DraftKings Inc. (NASDAQ: DKNG) has been making waves in the world of digital sports entertainment and gaming since its inception in 2012. With operations across 17 countries, DraftKings offers a comprehensive platform for multi-channel sports betting and gaming technologies.
As Bloomberg reports, thirty-two ratings firms have recently covered the company with a consensus recommendation of “Hold.” While five equities research analysts have rated the stock with a sell rating, three have assigned a hold rating, and twelve have issued a buy rating on the company. The average one-year price objective among analysts that have issued a report on the stock in the last year is currently at $24.80.
Recent activity by large investors highlights growing confidence in DraftKings’ future. Armstrong Advisory Group Inc., Proficio Capital Partners LLC, Barrett & Company Inc., Baystate Wealth Management LLC, and Harvest Fund Management Co. Ltd are just some examples of institutional investors and hedge funds who have recently acquired shares within the company.
DraftKings’ rapid growth can be attributed to being an early adopter of iGaming products or playing games through online casinos via computers or mobile phones. The company operates iGaming through its namesake brand across five states and Golden Nugget Online Gaming in three states.
Attracting investors from various institutions reflects their trust in DraftKings as a promising stock investment as digital sports entertainment continue to grow significantly during the pandemic era where most people stay at home for leisure activities like online games and streaming services.
With a network spanning business relationships across North America, Europe, South America as well as Asia-Pacific regions that will support its entry to new markets, plus featuring various deals with National Hockey League (NHL), Turner Sports among others give sound reasons to consider buying Draftkings shares despite getting marked only with “hold” recommendations from rating companies due to present-time instability amidst global economic uncertainties.
DraftKings Receives Positive Ratings and Increased Target Price from Research Firms, Poised for Long-Term Growth
DraftKings, a digital sports entertainment and gaming company, has recently seen an increase in target price and positive ratings from several research firms.
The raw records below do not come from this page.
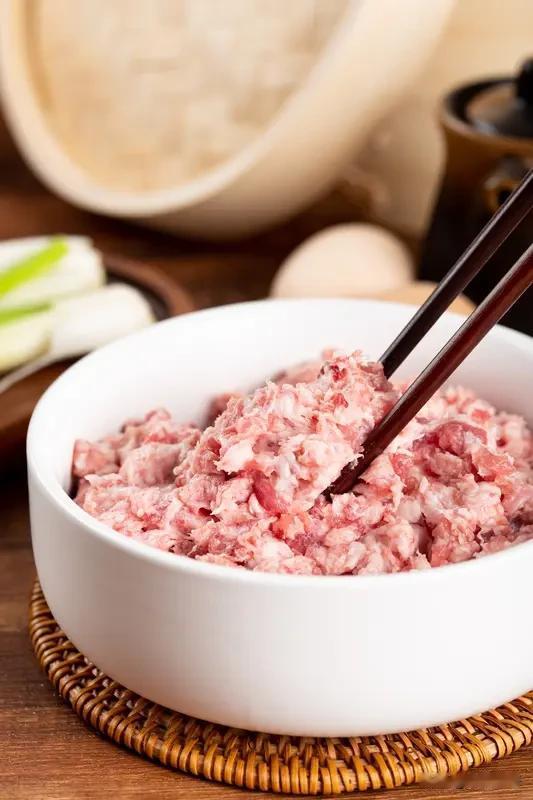 三鲜馅饺子里都是什么三鲜过去的三鲜馅饺子指的是猪肉馅，加入干海米、虾子、海参来调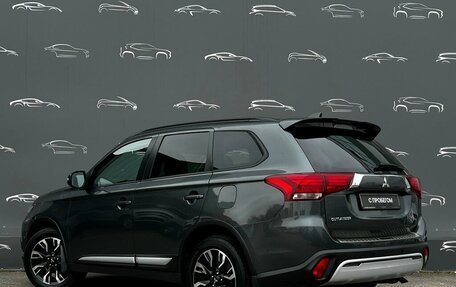 Mitsubishi Outlander III рестайлинг 3, 2021 год, 2 198 800 рублей, 4 фотография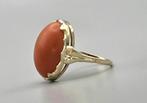 Gouden Vintage ring met bloedkoraal. 2025/779.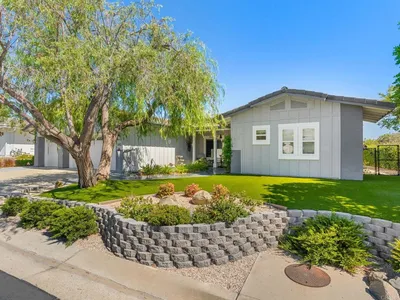 1482 Eagle Glen photo 2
Craig Hallum increased their target price from $21.00 to $27.00 while giving the company a “buy” rating on February 17th, supported by UBS Group who raised their rating also to “buy” and uplifted the target price for DraftKings from $19.00 to $30.00 on Monday for the same month.
Argus chimed in with a favorable outlook, raising DraftKings from a “hold” rating to a “buy” rating on March 7th with a target price of $22.00 for the firm.
However, Roth Mkm had a less optimistic view as they upped their price objective on DraftKings but still gave them a “sell” rating in May, increasing it marginally from $15.00 to $18.00.
Finally, Truist Financial reaffirmed positive news for the sports betting company by boosting their targeted price from $23.00 to $26.00 in another research note released this year.
As of Friday’s opening stock value at $23.69 per share, DraftKings has seen significant market expansion over the past year with a fifty-two week high of $26.41 per share and low of $10.52 per share during this period.
With limited resources available to consumers due to social distancing measures introduced earlier this year, many are turning towards digital sources like online gaming and gambling applications as alternative options for entertainment amid global uncertainty.
While investors remain cautiously optimistic about these market movements given recent fluctuations caused by ongoing COVID-19 concerns worldwide – insiders have projected that DraftKings is poised for long-term growth resulting in potential yield revenues in the years to come.
If proponents’ sentiments hold true in real-time markets, those tracking DraftKings and the sports betting industry will be rewarded highly.